Dangerous driver gets 14 more months in jail

Rosie Mullaley rmullaley@thetelegram.com
Published on May 17, 2012
Kevin Charles Roberts (left) and his lawyer Mark Gruchy get ready for sentencing as Roberts is led into provincial court in St. John’s Wednesday. — Photo by Rosie Gillingham/The Telegram

A St. John’s man who drove erratically through the city, weaving in and out of traffic while he was high on drugs, has been sentenced to 14 more months behind bars.

Kevin Charles Roberts was given the jail term Wednesday in provincial court in St. John’s.

Judge Colin Flynn also prohibited Roberts from driving for eight years.

Roberts pleaded guilty to several charges, including dangerous driving, driving while disqualified, impaired driving and breaching court orders.

The charges are in connection to three separate incidents, but the most serious happened in June 2011.

Around 10 p.m., police tried to stop Roberts while he was driving near Prince of Wales Street, but he refused and sped off.

Police chased him up Cashin Avenue, Ropewalk Lane and Blackmarsh Road where Roberts reached speeds of 130 km/h passing vehicles and swerving.
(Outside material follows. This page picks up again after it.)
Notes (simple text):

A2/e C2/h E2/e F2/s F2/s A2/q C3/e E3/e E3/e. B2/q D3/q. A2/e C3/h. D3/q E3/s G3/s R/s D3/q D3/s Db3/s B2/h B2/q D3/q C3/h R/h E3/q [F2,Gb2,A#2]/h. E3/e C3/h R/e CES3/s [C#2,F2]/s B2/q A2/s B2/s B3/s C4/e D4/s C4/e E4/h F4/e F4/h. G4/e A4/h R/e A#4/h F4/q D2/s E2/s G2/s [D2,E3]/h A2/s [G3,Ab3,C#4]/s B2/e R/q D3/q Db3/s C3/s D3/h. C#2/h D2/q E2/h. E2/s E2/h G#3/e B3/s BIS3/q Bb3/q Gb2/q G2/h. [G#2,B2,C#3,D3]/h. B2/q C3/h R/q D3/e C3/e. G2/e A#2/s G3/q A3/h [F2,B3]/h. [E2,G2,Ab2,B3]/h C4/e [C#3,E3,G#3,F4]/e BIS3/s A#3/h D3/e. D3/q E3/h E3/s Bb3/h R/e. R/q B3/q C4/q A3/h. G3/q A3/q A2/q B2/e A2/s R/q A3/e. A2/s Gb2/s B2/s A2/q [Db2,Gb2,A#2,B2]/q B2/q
Police called off the chase due to safety reasons, but spotted him shortly afterwards on the west end of Blackmarsh Road, near Canada Drive. When he turned left onto Topsail Road and stopped near Greenwood Crescent, a distraught female passenger ran out of the car.

When police arrived, officers noticed a strong smell of marijuana.
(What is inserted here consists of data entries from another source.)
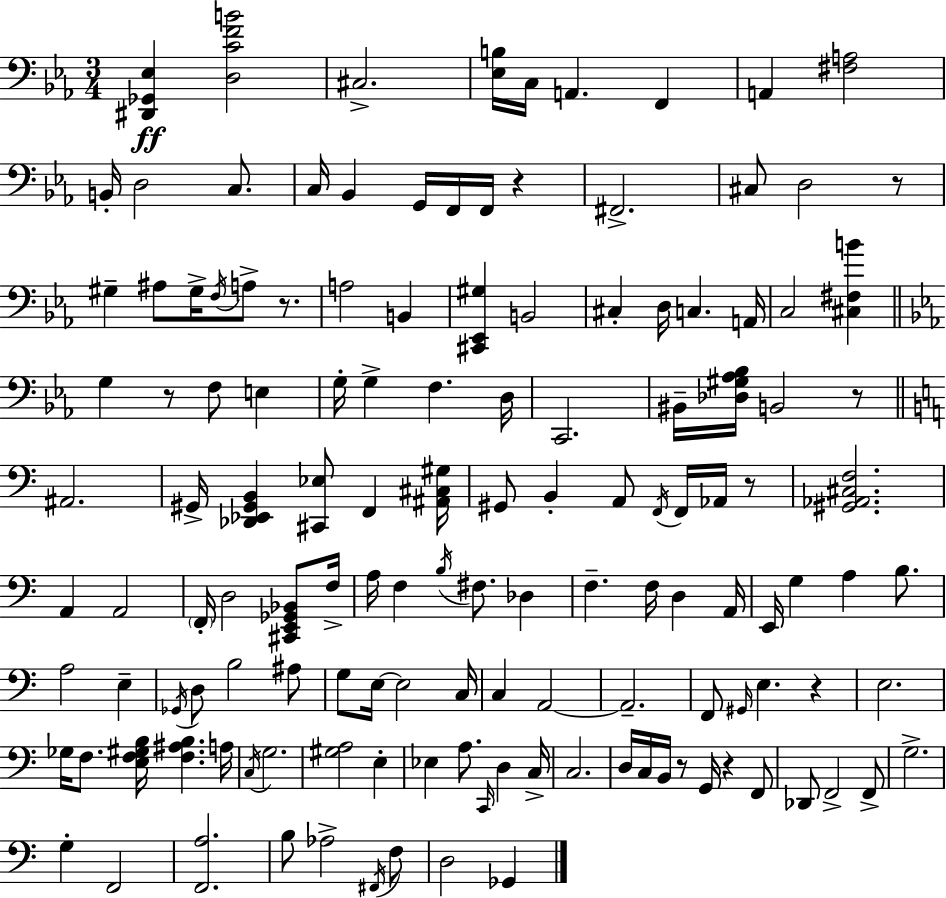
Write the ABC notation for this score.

X:1
T:Untitled
M:3/4
L:1/4
K:Cm
[^D,,_G,,_E,] [D,CFB]2 ^C,2 [_E,B,]/4 C,/4 A,, F,, A,, [^F,A,]2 B,,/4 D,2 C,/2 C,/4 _B,, G,,/4 F,,/4 F,,/4 z ^F,,2 ^C,/2 D,2 z/2 ^G, ^A,/2 ^G,/4 F,/4 A,/2 z/2 A,2 B,, [^C,,_E,,^G,] B,,2 ^C, D,/4 C, A,,/4 C,2 [^C,^F,B] G, z/2 F,/2 E, G,/4 G, F, D,/4 C,,2 ^B,,/4 [_D,^G,_A,_B,]/4 B,,2 z/2 ^A,,2 ^G,,/4 [_D,,_E,,^G,,B,,] [^C,,_E,]/2 F,, [^A,,^C,^G,]/4 ^G,,/2 B,, A,,/2 F,,/4 F,,/4 _A,,/4 z/2 [^G,,_A,,^C,F,]2 A,, A,,2 F,,/4 D,2 [^C,,E,,_G,,_B,,]/2 F,/4 A,/4 F, B,/4 ^F,/2 _D, F, F,/4 D, A,,/4 E,,/4 G, A, B,/2 A,2 E, _G,,/4 D,/2 B,2 ^A,/2 G,/2 E,/4 E,2 C,/4 C, A,,2 A,,2 F,,/2 ^G,,/4 E, z E,2 _G,/4 F,/2 [E,F,^G,B,]/4 [F,^A,B,] A,/4 C,/4 G,2 [^G,A,]2 E, _E, A,/2 C,,/4 D, C,/4 C,2 D,/4 C,/4 B,,/4 z/2 G,,/4 z F,,/2 _D,,/2 F,,2 F,,/2 G,2 G, F,,2 [F,,A,]2 B,/2 _A,2 ^F,,/4 F,/2 D,2 _G,, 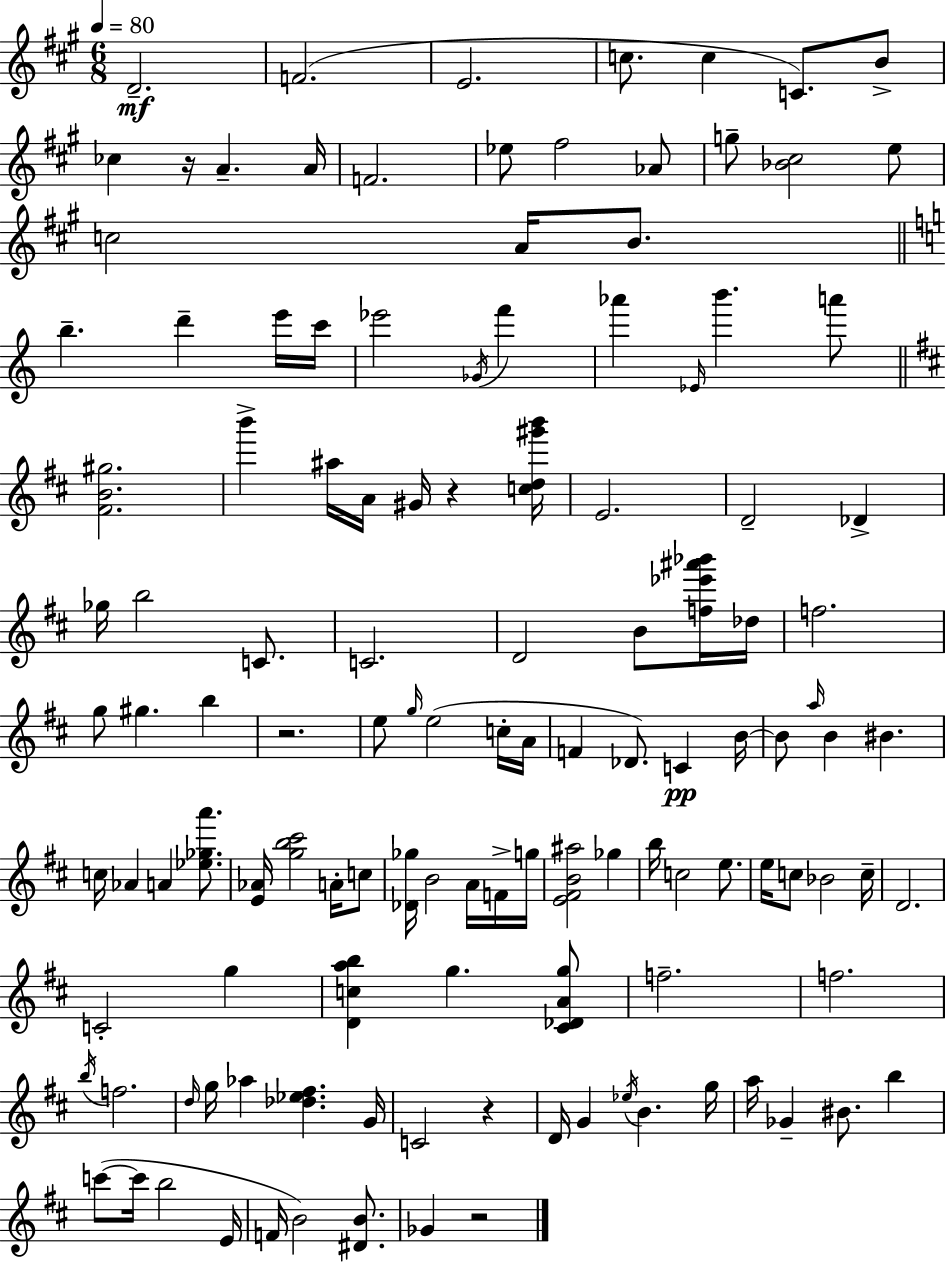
D4/h. F4/h. E4/h. C5/e. C5/q C4/e. B4/e CES5/q R/s A4/q. A4/s F4/h. Eb5/e F#5/h Ab4/e G5/e [Bb4,C#5]/h E5/e C5/h A4/s B4/e. B5/q. D6/q E6/s C6/s Eb6/h Gb4/s F6/q Ab6/q Eb4/s B6/q. A6/e [F#4,B4,G#5]/h. B6/q A#5/s A4/s G#4/s R/q [C5,D5,G#6,B6]/s E4/h. D4/h Db4/q Gb5/s B5/h C4/e. C4/h. D4/h B4/e [F5,Eb6,A#6,Bb6]/s Db5/s F5/h. G5/e G#5/q. B5/q R/h. E5/e G5/s E5/h C5/s A4/s F4/q Db4/e. C4/q B4/s B4/e A5/s B4/q BIS4/q. C5/s Ab4/q A4/q [Eb5,Gb5,A6]/e. [E4,Ab4]/s [G5,B5,C#6]/h A4/s C5/e [Db4,Gb5]/s B4/h A4/s F4/s G5/s [E4,F#4,B4,A#5]/h Gb5/q B5/s C5/h E5/e. E5/s C5/e Bb4/h C5/s D4/h. C4/h G5/q [D4,C5,A5,B5]/q G5/q. [C#4,Db4,A4,G5]/e F5/h. F5/h. B5/s F5/h. D5/s G5/s Ab5/q [Db5,Eb5,F#5]/q. G4/s C4/h R/q D4/s G4/q Eb5/s B4/q. G5/s A5/s Gb4/q BIS4/e. B5/q C6/e C6/s B5/h E4/s F4/s B4/h [D#4,B4]/e. Gb4/q R/h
He’s been in custody since.

In recommending 19 more months in jail, Crown prosecutor Bill Cadigan said Roberts’ driving is a huge concern to people in the community.

“If people heading home some night get into a head-on collision with drivers like Mr. Roberts, that would leave that person and families hung out to dry,” Cadigan said.

He went on to say, “We all have the right to drive without Mr. Roberts T-boning (us) … We have to stop him before he stops somebody else.”

Defence lawyer Mark Gruchy said Roberts wants to get his life back on track.

“Mr. Roberts is trying and is sincere in his efforts,” he said.

While he’s battled with addictions, “he’s made strides with respect to understanding his addictions” Gruchy said.

“He’s not your average man at Her Majesty’s Penitentiary. He has an awareness of his problems and would love to avail of services (to continue helping him).”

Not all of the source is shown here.